- Events of February 1848 in France had brought about the abdication of the monarch and a republic based on universal male suffrage had been proclaimed.
- People took advantage of the growing popular unrest to push their demands for the creation of a nation-state on parliamentary principles – a constitution, freedom of the press and freedom of association.
- The Revolution of 1848 was a socialist revolution led by the labor class. These events led Germans to demand their own constitution leading to the Heidelberg Convention of German nationalists and liberals.
- It became the background of the Second Frankfurt Parliament or German revolutionary parliament in 1848 which made two important proposals – formulation of union of German states under leadership of Prussia and formation of a constitution of German union.

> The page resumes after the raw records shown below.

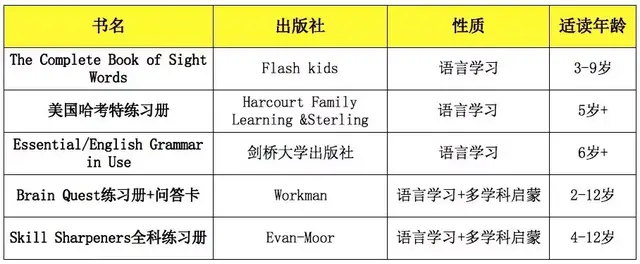 担心孩子暑假成绩滑坡？get到这些教辅书，孩子收获满满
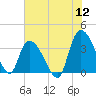 Minim Creek Entrance tide chart for Tuesday, July 12, 2022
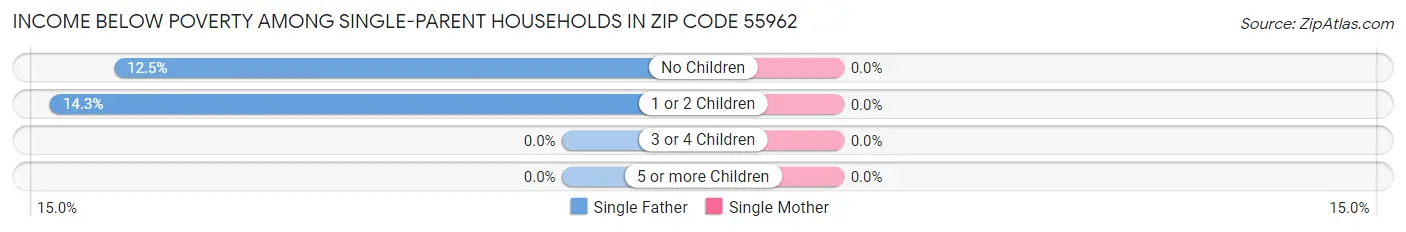 Income Below Poverty Among Single-Parent Households in Zip Code 55962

- A large number of political associations came together in the city of Frankfurt and decided to vote for an all-German National Assembly.
- On 18 May 1848, 831 elected representatives marched in a festive procession to take their places in the Frankfurt parliament convened in the Church of St Paul.
- They drafted a constitution for a German nation to be headed by a monarchy subject to a parliament.
- While the opposition of the aristocracy and military became stronger, the social basis of parliament eroded.
- The parliament was dominated by the middle classes who resisted the demands of workers and artisans and consequently lost their support.
- In the end troops were called in and the assembly was forced to disband.
- Repression soon followed and even the rights that people had won in the initial stages of the Revolution were taken away.
- Thousands of German Revolutionaries had to flee the country and live in exile. The failed Revolution was the drawback national cause.
- But the demand for unification revived in the late 1850s as a consequence of industrial and economic development.
- Monarchs were beginning to realize that the cycles of revolution and repression could only be ended by granting concessions to the liberal-nationalist revolutionaries.